TABLE 2. Summary of datasets used for nowcasting for Vis <1 km and Vis <10 km.

FIGURE 5

FIGURE 5. The train and test split for the time series of the Vis <10 km data at the 60 min lead time is shown.

2.5 Nowcasting with ML regression

Three types of ML regression models, with increasing levels of model flexibility/parameters (Hastie et al., 2009), were employed to demonstrate the effectiveness of direct nowcasting/forecasting (Elsayed et al., 2021; Hyndman and Athanasopoulos, 2021). The hyperparameters (i.e., regularization level, # of training phases, etc.) used in all three models were chosen based on values that are commonly known to be effective in a high-dimensional setting.

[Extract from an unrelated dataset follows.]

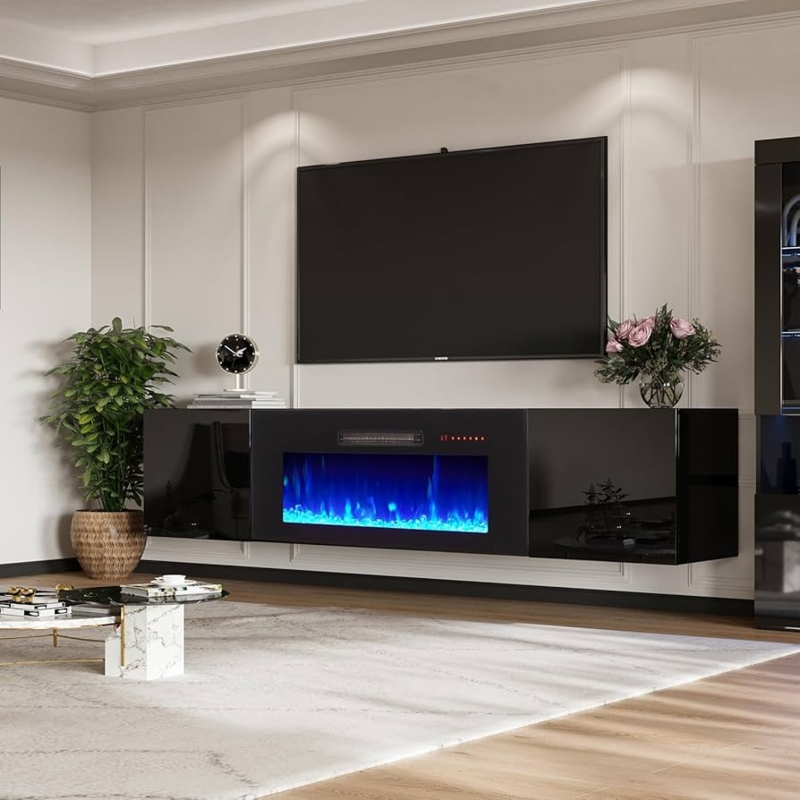 Floating TV Stand with Mirrored Finish and Blue LED Fireplace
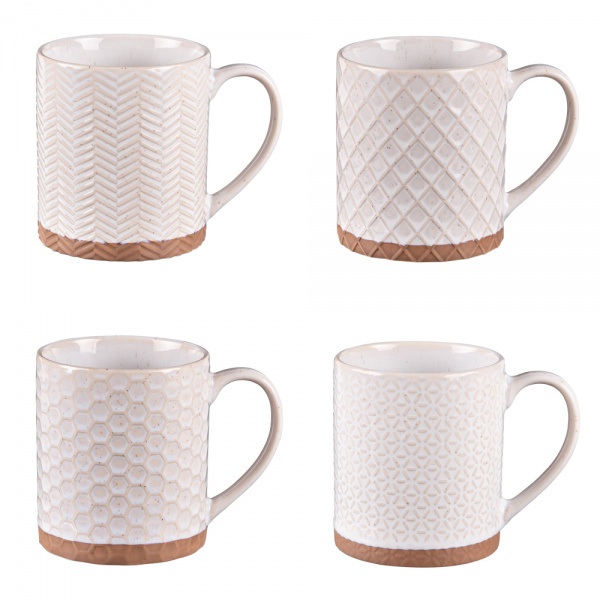 Coffret de 4 mugs JASPE beige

Of the three models used, the least complex method is considered to be SVR. It maps input training feature vectors into a higher dimensional space, in which a linearly separating hyperplane that minimizes the residuals of the data points beyond the margin of the hyperplane is fitted (Smola and Schölkopf, 2004; Hastie et al., 2009; Ho and Lin, 2012). The margin parameter in SVR is similar to that of support vector machines, except that it is adapted for regression rather than classification (Hastie et al., 2009). When the dimensionality of the input data is high, as in our case with either 599 or 719 dimensions, using a linear kernel is very efficient and achieves high accuracy despite not using a complex nonlinear kernel, such as a radial basis function (Fan et al., 2008; Hsu et al., 2021). The SVR is implemented with a high amount L₂ regularization with $λ$ = 0.0001 to account for the high dimensionality of the input data.

Gradient boosting using the least squares loss function (LSB) was the second implemented regression model due to its popularity and ability to achieve a high level of performance for many tasks, particularly for visibility classification and regression (Yu et al., 2021; Kim et al., 2022a; 2022b; Ding et al., 2022; Vorndran et al., 2022). LSB successively fits many weaker regression trees on the residual error (Hastie et al., 2009). The learning rate (the L₂ regularization parameter in boosting) was set to 0.1, the number of learning cycles was 2000, and the weak learner used was a tree.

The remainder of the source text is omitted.